Every line from the one holding "Une villa meublée" to the end of the entries should be repeated exactly, with the pictures left out.

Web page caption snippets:
-------

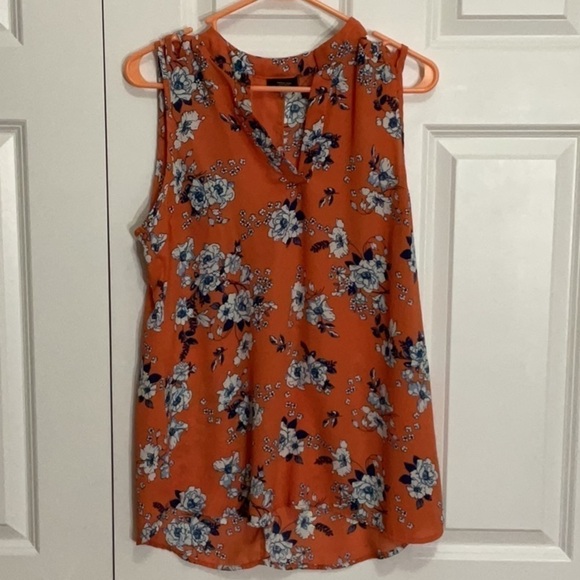 Rue21 Tops - Rue 21 Sleeveless Blouse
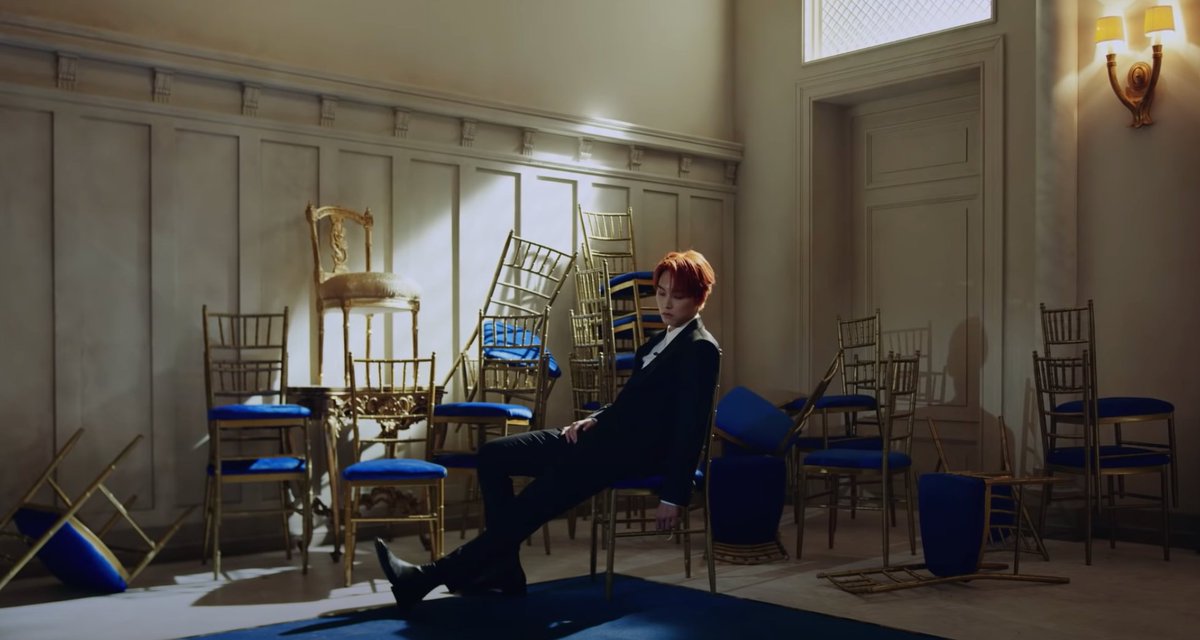 The prologue ends with Inseong alone and staring out the window. On to Good Guy trailer, where we start also with Inseong alone. The blue elements can be purely aesthetic to connect the mvs. Inseong as point can be cos he's the oldest? Or the glue that holds them together?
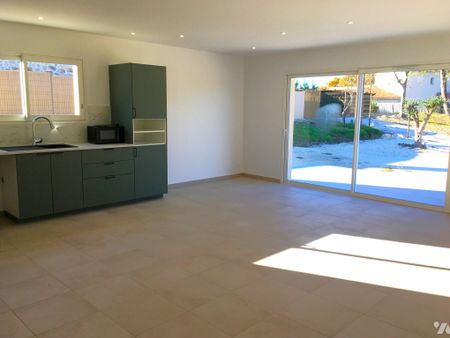 Une villa meublée de type 4, 90m2 +jardin + garage - Photo 3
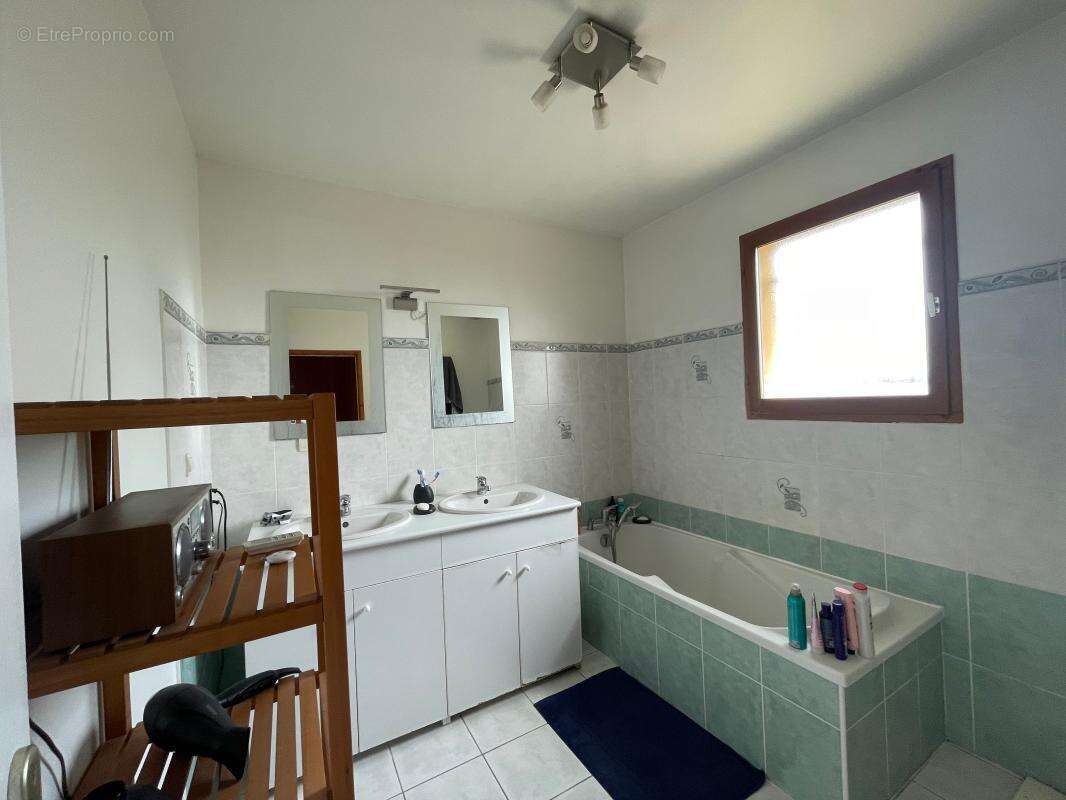 Maison individuelle 107 m² sur terrain de 811 m² – Secteur recherché - photo 9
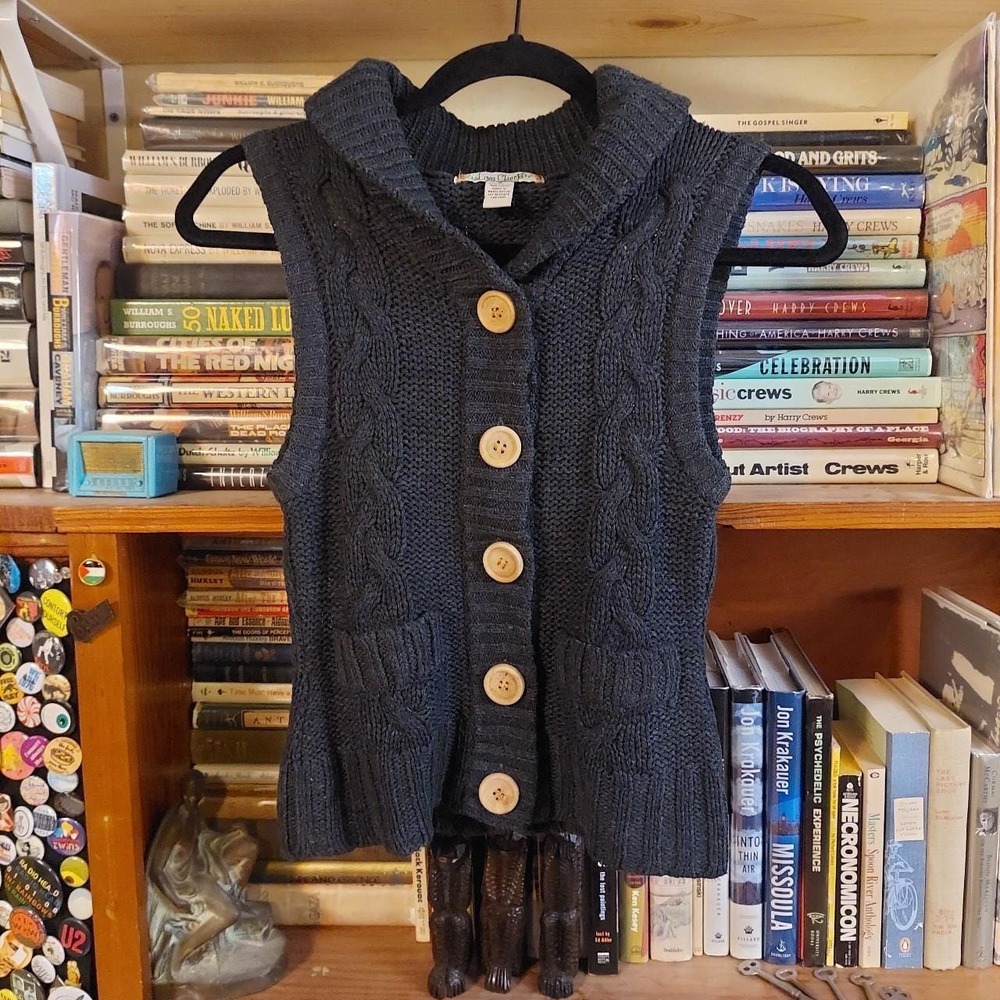 Love Change Grey Cable Knit Sweater Vest Y2K Wooden Buttons Small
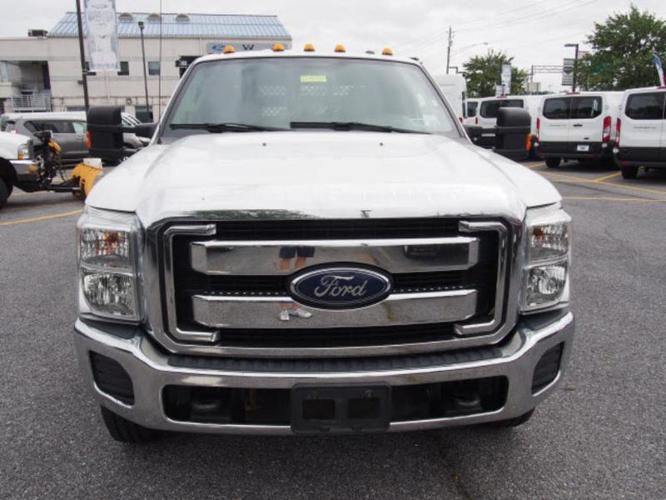 2016 ford f-350 super duty xlt 4x4 xlt 4dr crew cab 176 in. wb drw chassis for sale in manor, delaware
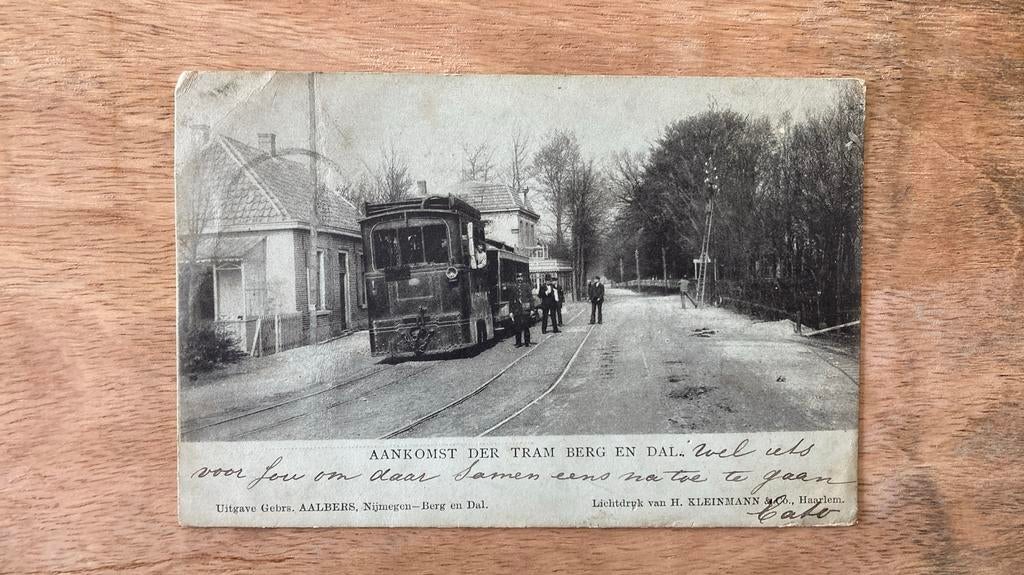 Oude ansichtkaart Berg en Dal 1900 aankomst Tram Nijmegen, Ophalen of Verzenden, Voor 1920, Gelopen, Gelderland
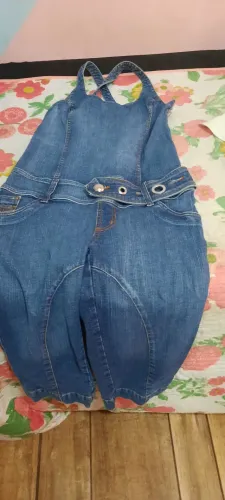 Conjunto feminino jens jardineira e jaqueta tamanho 40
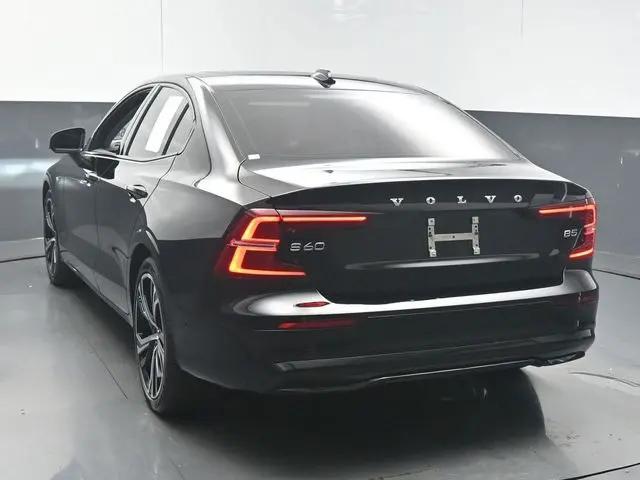2023 Volvo S60 B5 Plus Dark Theme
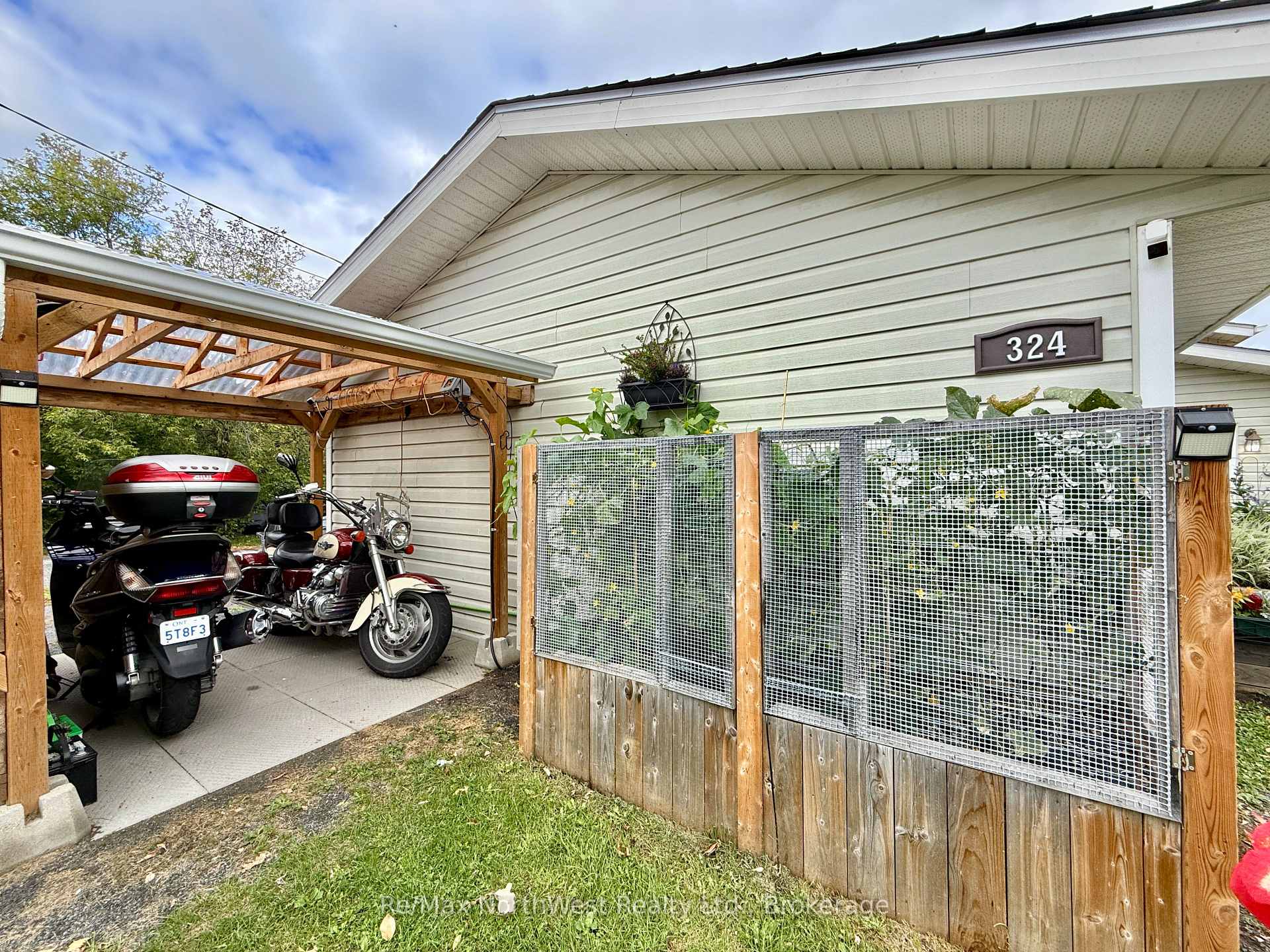 Photo 2 of 324 Beatty Street, Kenora, Keewatin — HOMEH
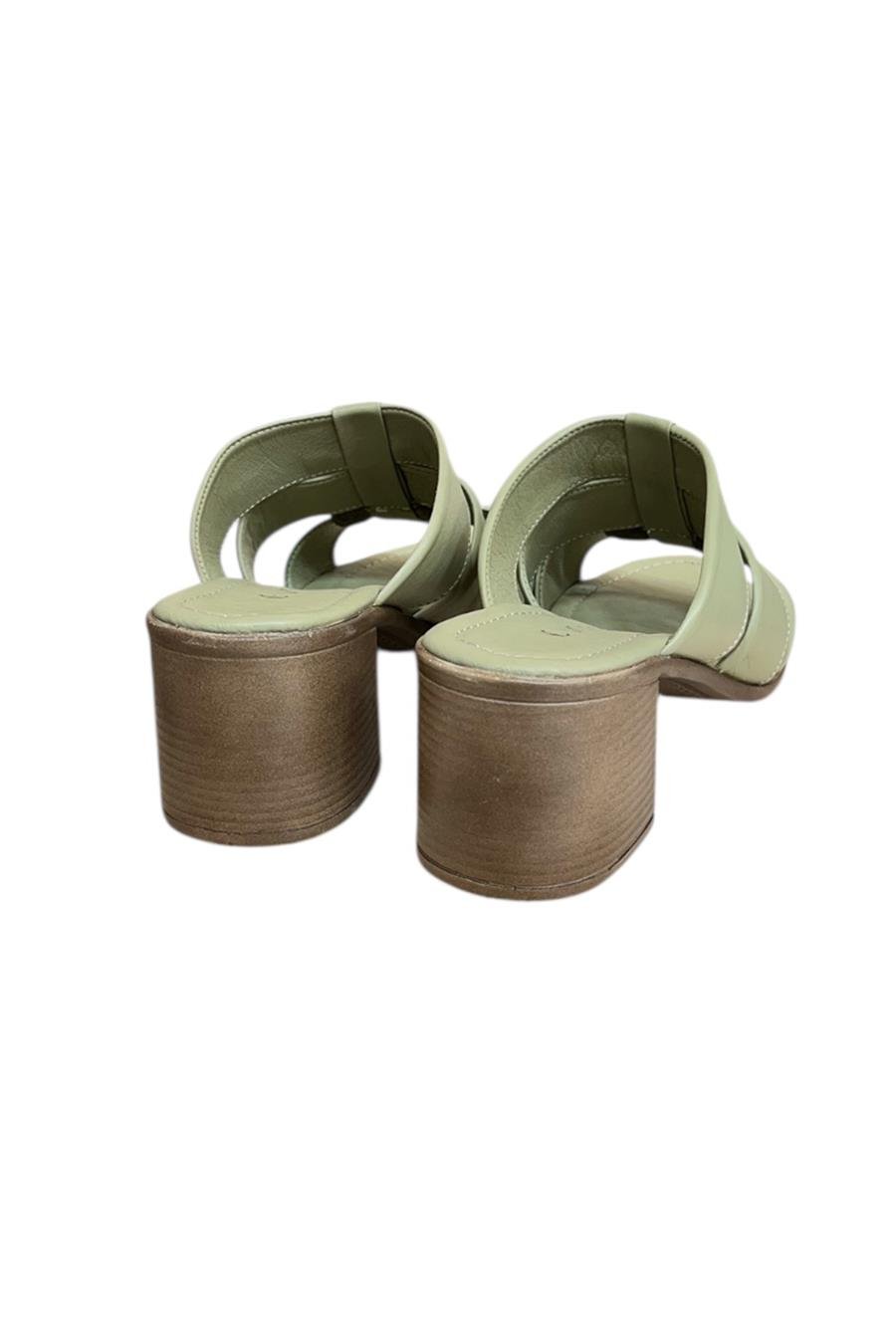Yeşil Hakiki Deri Bant Detaylı Topuklu Comfort Taban Terlik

-------

▸ ANSWER TO THIS EXERCISE:
 Une villa meublée de type 4, 90m2 +jardin + garage - Photo 3
 Maison individuelle 107 m² sur terrain de 811 m² – Secteur recherché - photo 9
 Love Change Grey Cable Knit Sweater Vest Y2K Wooden Buttons Small
 2016 ford f-350 super duty xlt 4x4 xlt 4dr crew cab 176 in. wb drw chassis for sale in manor, delaware
 Oude ansichtkaart Berg en Dal 1900 aankomst Tram Nijmegen, Ophalen of Verzenden, Voor 1920, Gelopen, Gelderland
 Conjunto feminino jens jardineira e jaqueta tamanho 40
2023 Volvo S60 B5 Plus Dark Theme
 Photo 2 of 324 Beatty Street, Kenora, Keewatin — HOMEH
Yeşil Hakiki Deri Bant Detaylı Topuklu Comfort Taban Terlik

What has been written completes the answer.